(Data excerpts)
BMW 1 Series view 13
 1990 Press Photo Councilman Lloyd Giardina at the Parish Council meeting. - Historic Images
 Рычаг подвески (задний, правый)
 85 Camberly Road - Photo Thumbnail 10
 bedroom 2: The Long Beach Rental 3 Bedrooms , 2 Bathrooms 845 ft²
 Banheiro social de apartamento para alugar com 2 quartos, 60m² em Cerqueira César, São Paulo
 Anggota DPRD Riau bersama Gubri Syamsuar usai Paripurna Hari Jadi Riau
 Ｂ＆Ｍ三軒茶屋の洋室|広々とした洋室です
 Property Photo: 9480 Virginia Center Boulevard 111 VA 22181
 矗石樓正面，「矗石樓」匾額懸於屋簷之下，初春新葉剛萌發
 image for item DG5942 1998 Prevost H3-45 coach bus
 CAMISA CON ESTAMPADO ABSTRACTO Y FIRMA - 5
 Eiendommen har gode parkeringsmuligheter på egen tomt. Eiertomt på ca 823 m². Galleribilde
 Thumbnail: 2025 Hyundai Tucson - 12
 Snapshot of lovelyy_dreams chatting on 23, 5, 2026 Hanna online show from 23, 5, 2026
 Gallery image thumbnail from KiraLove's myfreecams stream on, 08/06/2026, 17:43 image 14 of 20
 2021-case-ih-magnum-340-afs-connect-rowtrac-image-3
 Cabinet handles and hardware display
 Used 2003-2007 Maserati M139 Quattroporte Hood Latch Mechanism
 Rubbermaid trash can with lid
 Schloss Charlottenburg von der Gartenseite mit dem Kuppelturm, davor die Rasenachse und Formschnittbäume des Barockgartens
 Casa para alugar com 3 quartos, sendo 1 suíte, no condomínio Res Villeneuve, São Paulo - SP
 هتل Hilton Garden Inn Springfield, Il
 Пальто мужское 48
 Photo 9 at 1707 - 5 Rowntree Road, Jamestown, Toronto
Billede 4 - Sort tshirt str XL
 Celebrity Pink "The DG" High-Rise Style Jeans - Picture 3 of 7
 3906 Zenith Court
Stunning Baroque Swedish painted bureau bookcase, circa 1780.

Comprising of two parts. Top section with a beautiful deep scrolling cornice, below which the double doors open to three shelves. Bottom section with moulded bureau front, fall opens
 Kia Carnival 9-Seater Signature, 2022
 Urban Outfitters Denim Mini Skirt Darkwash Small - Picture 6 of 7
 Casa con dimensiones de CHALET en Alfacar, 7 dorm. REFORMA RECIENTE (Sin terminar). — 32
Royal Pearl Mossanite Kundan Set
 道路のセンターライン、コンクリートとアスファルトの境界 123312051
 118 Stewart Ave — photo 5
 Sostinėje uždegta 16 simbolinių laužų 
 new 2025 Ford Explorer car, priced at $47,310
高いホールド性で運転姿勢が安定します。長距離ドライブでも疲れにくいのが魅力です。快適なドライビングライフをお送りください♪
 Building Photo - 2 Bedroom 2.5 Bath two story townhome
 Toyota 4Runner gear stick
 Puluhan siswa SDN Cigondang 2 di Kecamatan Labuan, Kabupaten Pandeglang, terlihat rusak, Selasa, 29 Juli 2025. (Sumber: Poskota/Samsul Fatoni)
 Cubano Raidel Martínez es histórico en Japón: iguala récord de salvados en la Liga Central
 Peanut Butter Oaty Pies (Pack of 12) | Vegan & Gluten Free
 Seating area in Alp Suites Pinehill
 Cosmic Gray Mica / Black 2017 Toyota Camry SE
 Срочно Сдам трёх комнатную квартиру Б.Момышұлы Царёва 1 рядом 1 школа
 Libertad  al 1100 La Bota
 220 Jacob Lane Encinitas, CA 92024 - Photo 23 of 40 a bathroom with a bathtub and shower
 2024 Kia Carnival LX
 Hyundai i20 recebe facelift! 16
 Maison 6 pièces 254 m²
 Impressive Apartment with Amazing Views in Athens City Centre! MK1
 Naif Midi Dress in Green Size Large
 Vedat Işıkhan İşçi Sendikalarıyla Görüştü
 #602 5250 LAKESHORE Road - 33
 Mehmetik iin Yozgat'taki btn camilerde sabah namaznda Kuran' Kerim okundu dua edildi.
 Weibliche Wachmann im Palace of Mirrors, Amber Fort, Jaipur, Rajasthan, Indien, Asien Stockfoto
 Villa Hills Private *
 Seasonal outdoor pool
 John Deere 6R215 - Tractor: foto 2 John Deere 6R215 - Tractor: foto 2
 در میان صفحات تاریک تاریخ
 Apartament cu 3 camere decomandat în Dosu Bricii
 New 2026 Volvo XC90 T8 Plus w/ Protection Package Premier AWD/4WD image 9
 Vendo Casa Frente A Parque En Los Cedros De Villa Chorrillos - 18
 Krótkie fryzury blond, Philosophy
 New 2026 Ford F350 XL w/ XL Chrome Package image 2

* ASSIGNMENT *
Reproduce the entries above in full by retyping them exactly.

* ANSWER SPACE *
BMW 1 Series view 13
 1990 Press Photo Councilman Lloyd Giardina at the Parish Council meeting. - Historic Images
 Рычаг подвески (задний, правый)
 85 Camberly Road - Photo Thumbnail 10
 bedroom 2: The Long Beach Rental 3 Bedrooms , 2 Bathrooms 845 ft²
 Banheiro social de apartamento para alugar com 2 quartos, 60m² em Cerqueira César, São Paulo
 Anggota DPRD Riau bersama Gubri Syamsuar usai Paripurna Hari Jadi Riau
 Ｂ＆Ｍ三軒茶屋の洋室|広々とした洋室です
 Property Photo: 9480 Virginia Center Boulevard 111 VA 22181
 矗石樓正面，「矗石樓」匾額懸於屋簷之下，初春新葉剛萌發
 image for item DG5942 1998 Prevost H3-45 coach bus
 CAMISA CON ESTAMPADO ABSTRACTO Y FIRMA - 5
 Eiendommen har gode parkeringsmuligheter på egen tomt. Eiertomt på ca 823 m². Galleribilde
 Thumbnail: 2025 Hyundai Tucson - 12
 Snapshot of lovelyy_dreams chatting on 23, 5, 2026 Hanna online show from 23, 5, 2026
 Gallery image thumbnail from KiraLove's myfreecams stream on, 08/06/2026, 17:43 image 14 of 20
 2021-case-ih-magnum-340-afs-connect-rowtrac-image-3
 Cabinet handles and hardware display
 Used 2003-2007 Maserati M139 Quattroporte Hood Latch Mechanism
 Rubbermaid trash can with lid
 Schloss Charlottenburg von der Gartenseite mit dem Kuppelturm, davor die Rasenachse und Formschnittbäume des Barockgartens
 Casa para alugar com 3 quartos, sendo 1 suíte, no condomínio Res Villeneuve, São Paulo - SP
 هتل Hilton Garden Inn Springfield, Il
 Пальто мужское 48
 Photo 9 at 1707 - 5 Rowntree Road, Jamestown, Toronto
Billede 4 - Sort tshirt str XL
 Celebrity Pink "The DG" High-Rise Style Jeans - Picture 3 of 7
 3906 Zenith Court
Stunning Baroque Swedish painted bureau bookcase, circa 1780.

Comprising of two parts. Top section with a beautiful deep scrolling cornice, below which the double doors open to three shelves. Bottom section with moulded bureau front, fall opens
 Kia Carnival 9-Seater Signature, 2022
 Urban Outfitters Denim Mini Skirt Darkwash Small - Picture 6 of 7
 Casa con dimensiones de CHALET en Alfacar, 7 dorm. REFORMA RECIENTE (Sin terminar). — 32
Royal Pearl Mossanite Kundan Set
 道路のセンターライン、コンクリートとアスファルトの境界 123312051
 118 Stewart Ave — photo 5
 Sostinėje uždegta 16 simbolinių laužų 
 new 2025 Ford Explorer car, priced at $47,310
高いホールド性で運転姿勢が安定します。長距離ドライブでも疲れにくいのが魅力です。快適なドライビングライフをお送りください♪
 Building Photo - 2 Bedroom 2.5 Bath two story townhome
 Toyota 4Runner gear stick
 Puluhan siswa SDN Cigondang 2 di Kecamatan Labuan, Kabupaten Pandeglang, terlihat rusak, Selasa, 29 Juli 2025. (Sumber: Poskota/Samsul Fatoni)
 Cubano Raidel Martínez es histórico en Japón: iguala récord de salvados en la Liga Central
 Peanut Butter Oaty Pies (Pack of 12) | Vegan & Gluten Free
 Seating area in Alp Suites Pinehill
 Cosmic Gray Mica / Black 2017 Toyota Camry SE
 Срочно Сдам трёх комнатную квартиру Б.Момышұлы Царёва 1 рядом 1 школа
 Libertad  al 1100 La Bota
 220 Jacob Lane Encinitas, CA 92024 - Photo 23 of 40 a bathroom with a bathtub and shower
 2024 Kia Carnival LX
 Hyundai i20 recebe facelift! 16
 Maison 6 pièces 254 m²
 Impressive Apartment with Amazing Views in Athens City Centre! MK1
 Naif Midi Dress in Green Size Large
 Vedat Işıkhan İşçi Sendikalarıyla Görüştü
 #602 5250 LAKESHORE Road - 33
 Mehmetik iin Yozgat'taki btn camilerde sabah namaznda Kuran' Kerim okundu dua edildi.
 Weibliche Wachmann im Palace of Mirrors, Amber Fort, Jaipur, Rajasthan, Indien, Asien Stockfoto
 Villa Hills Private *
 Seasonal outdoor pool
 John Deere 6R215 - Tractor: foto 2 John Deere 6R215 - Tractor: foto 2
 در میان صفحات تاریک تاریخ
 Apartament cu 3 camere decomandat în Dosu Bricii
 New 2026 Volvo XC90 T8 Plus w/ Protection Package Premier AWD/4WD image 9
 Vendo Casa Frente A Parque En Los Cedros De Villa Chorrillos - 18
 Krótkie fryzury blond, Philosophy
 New 2026 Ford F350 XL w/ XL Chrome Package image 2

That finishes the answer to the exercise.